Power plants linked to this system can be located either within a city’s borders or at locations quite remote from the urban core. Locations within cities have proven less desirable in many locales because of concerns over the emissions from these plants, creating public health concerns and dampening real estate values in adjacent neighborhoods (Farber, 1998; Abt Associates et al., 2000). The advent of comprehensive state, national, or trans-national grids has allowed many cities to increasingly rely on out-of-city power sources, lessening the severity of the problem and the political challenges associated with siting new in-city power plants; although the siting of transmission lines has become problematic in many locations as well.
"Distributed" forms of power generation and distribution (also known as DG) refer to systems with much smaller power production units that are located at or near the point of energy use. DG systems enjoy certain advantages, such as the fact that because they link directly to the electric wiring system within the host building, they tend to suffer from less "transmission loss." These losses occur due to Joule heating of power lines and when electricity voltage levels are "stepped" up or down at different points in the transmission and distribution network (Lovins et al., 2002). DG systems may also allow a building or user to avoid certain design or service deficiencies involving the city-wide distribution grid, such as poor power "quality" or vulnerability to blackouts or other types of service disruptions (Lovins et al., 2002). Finally, DG systems may allow buildings to utilize certain types of power more easily or cheaply, such as electricity generated from renewable sources such as wind or solar power or technologies such as combined heat and power (CHP) units that enjoy high rates of energy efficiency.
Thermal energy use in cities - that is, energy used for space, water, or process heating or cooling – can also be produced in a centralized or decentralized manner. Centralized (or "district") thermal energy systems, tend to be more common in cities with extreme temperatures in winter or summer months. For cost or pollution reasons, local authorities and/or utilities in many cities have found there are benefits to producing steam or hot (or cold) water centrally, and then distributing this thermal energy to users via a network of underground pipes (see Table 4.1). Because of the cost of installing and maintaining the pipeline network, some minimum population density or level of demand is necessary to make these systems cost effective (Gochenour, 2001). District heating and cooling systems can be fueled by a range of energy sources, such as coal, natural gas, biomass, nuclear power, and geothermal sources. In some cases, the plants producing the thermal energy may operate as co-generation facilities, simultaneously producing electricity for use around the city.

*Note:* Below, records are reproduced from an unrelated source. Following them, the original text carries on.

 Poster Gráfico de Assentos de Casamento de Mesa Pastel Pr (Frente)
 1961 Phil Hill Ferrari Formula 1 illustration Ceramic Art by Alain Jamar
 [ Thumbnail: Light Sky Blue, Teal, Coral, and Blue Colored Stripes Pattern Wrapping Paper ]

The alternatives to district thermal systems are building-based thermal technologies such as gas-powered stoves, boilers, furnaces, or ground source heat pumps. Some buildings employ combined heat and power technology, satisfying some or all of the building’s thermal and electricity needs.

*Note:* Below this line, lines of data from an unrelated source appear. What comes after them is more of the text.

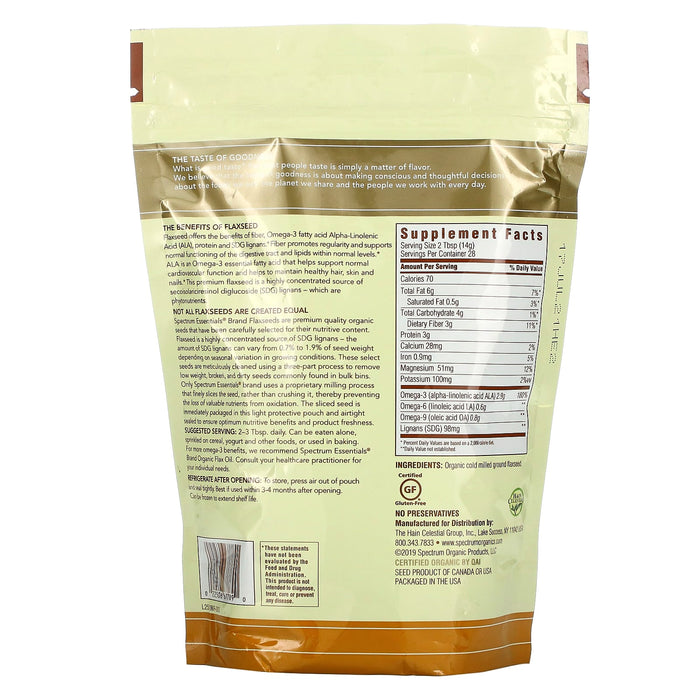 Spectrum Essentials, Organic Ground Premium Flaxseed, 14 oz (396 g)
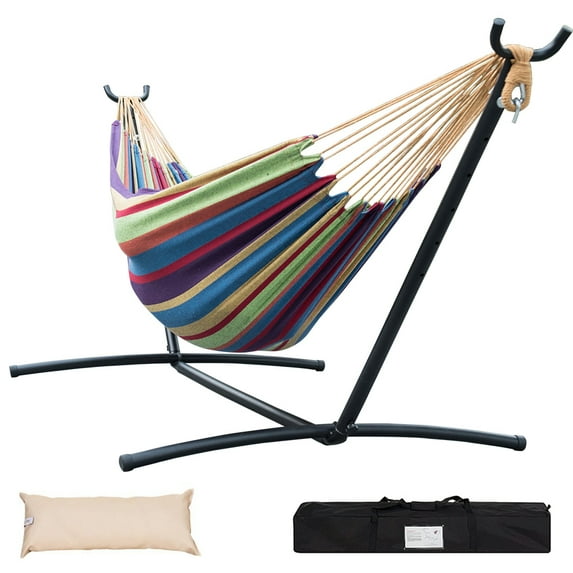 Lazy Daze Hammocks Double Hammock with Space Saving Steel Stand Includes Portable Carrying Case and Head Pillow, 450 Pounds Capacity (Tropical)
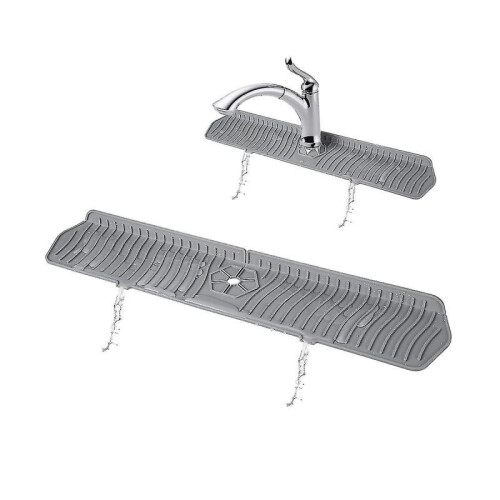 2pcs Kit Sink Splash Faucet Mat Splash Catcher, Catcher Tray, Purpose for Kit D 1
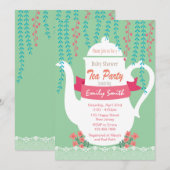 Uitnodiging voor baby shower. Tea Party uitnodigin (Voorkant / Achterkant)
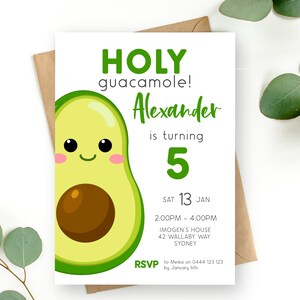 Avocado Einladung zum 5. Geburtstag | SOFORTIGER DOWNLOAD | Fünfter Geburtstag Einladung | Heilige Guacamole | Bearbeitbare Druckbare Digitale Vorlage MM99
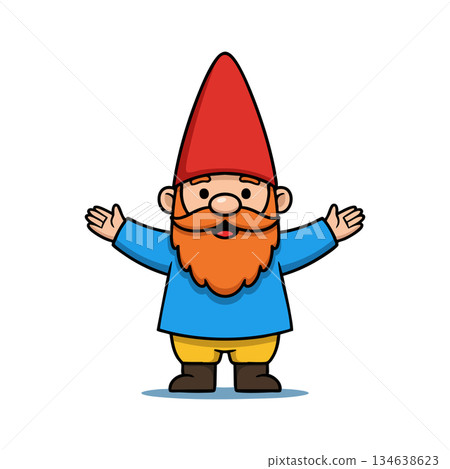 Cartoon garden gnome with red hat and orange beard welcoming with open arms vector illustration 134638623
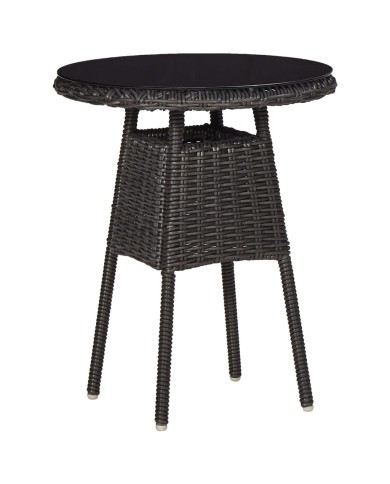 Chaises de jardin avec table à thé 2 pcs Résine tressée Noir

Although decentralized in function, building-sited thermal systems may nonetheless involve linkages to citywide fuel networks delivering natural gas or coal gas around a city. Building-sited thermal systems may also rely on fuel oil or liquid petroleum gas tanks located within the building that are refilled on an as-needed basis. Other buildings or homes rely on supplies of solid energy feed stocks, such as coal, kerosene, charcoal, biomass, or animal dung, which are burned in a boiler or cookstove to produce space or process heat. These latter systems may involve some type of formal supply chain, or less formal scavenging processes involving the building owner or dwelling occupant. In developing countries, these supply chains can create important opportunities for local economic development (Clancy et al., 2008).
The thermal systems employed may have significant health impacts within or near the home, because of differing levels of smoke or other pollutants emitted while operational. Households in cities in developing countries are far more reliant on solid fuels for cooking than urban dwellers in developed countries (UNDP/WHO, 2009; see Figure 4.1) This is testament to both differing levels of energy infrastructure in these cities, the price of the different fuels, and difficulties obtaining interconnections to formal distribution networks (Dhingra et al., 2008, Fall et al., 2008).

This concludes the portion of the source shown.